How to Create Skills in Luma

June 14, 2026

How to Create, Lock, and Test a Skill

There is no single correct way to make a Skill.

You can create one from a prompt, a chat instruction, a finished output, a whole board process, a workflow document, a successful experiment, or an existing Skill you want to customize. The best creation method depends on where your workflow starts.

Sometimes you already know the workflow and want to define it from scratch. Sometimes you discover the workflow by accident after a great result. Sometimes the workflow is spread across a board, with prompts, inputs, intermediate steps, and final outputs all showing how the process works.

Luma Skills are designed to capture all of those cases.

The goal is always the same: turn a useful creative process into a repeatable workflow that can be tested, refined, saved, and reused.

The main ways to create a Skill

There is no single correct way to make a Skill. Luma supports several paths, depending on where the workflow starts.

1. Create a Skill from a prompt text box

You can write a prompt directly on the board as a text asset.

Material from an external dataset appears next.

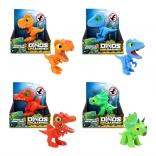 interaktívny dinosaurus shake 'n snap pre deti 3+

Once the prompt exists as an asset, select it and ask the agent to turn it into a Skill.

This is useful when you already know the workflow you want, but you have not run it yet. It lets you draft the process first, then convert it into a reusable tool.

Example:

Turn this into a Skill.

Use this when your workflow is already described clearly in text.

2. Create a Skill from a plain chat instruction

You can also create a Skill directly from chat.

For example:

Create a Skill that repaints any object in a matte color.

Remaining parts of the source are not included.